We have homeless people living in our greenbelt areas, yet the city is still dragging its feet on providing shelter beds and incentivizing more affordable housing options across all areas of the city. Older adults are isolated in houses that are larger than they want, but they have no options to remain in the micro-communities that they call home. Our children and our essential workers are leaving because they can’t afford to live close to work, or they endure long commutes. Our criminal legal services are pressed to resolve mental health crises that should receive professional mental health response. Smoke-filled summers show that damage to our climate is accelerating, yet the city still prioritizes cars over transit, safe biking routes, and walkable neighborhoods. Racial disparities are obscured by a bureaucracy that shares little of its data and curates what is published so as to never shine a negative light. Community and even the council have scant oversight and even less accountability over many areas of city government.

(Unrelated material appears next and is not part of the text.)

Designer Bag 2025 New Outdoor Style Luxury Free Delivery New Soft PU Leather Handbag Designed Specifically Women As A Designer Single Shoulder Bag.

We as individuals did not create the unjust systems that have locked so many into places of little opportunity, but we are responsible for examining and correcting those that are hiding in plain sight. Between job losses, business closures, remote schooling challenges, and unequal health care, our neighbors who were on the edge have moved even closer to it or been pushed off. Bellevue, more than any city in the state, has the expertise and capacity to ensure that every resident thrives.
I hope you will join me in shaping a new vision for Bellevue, together.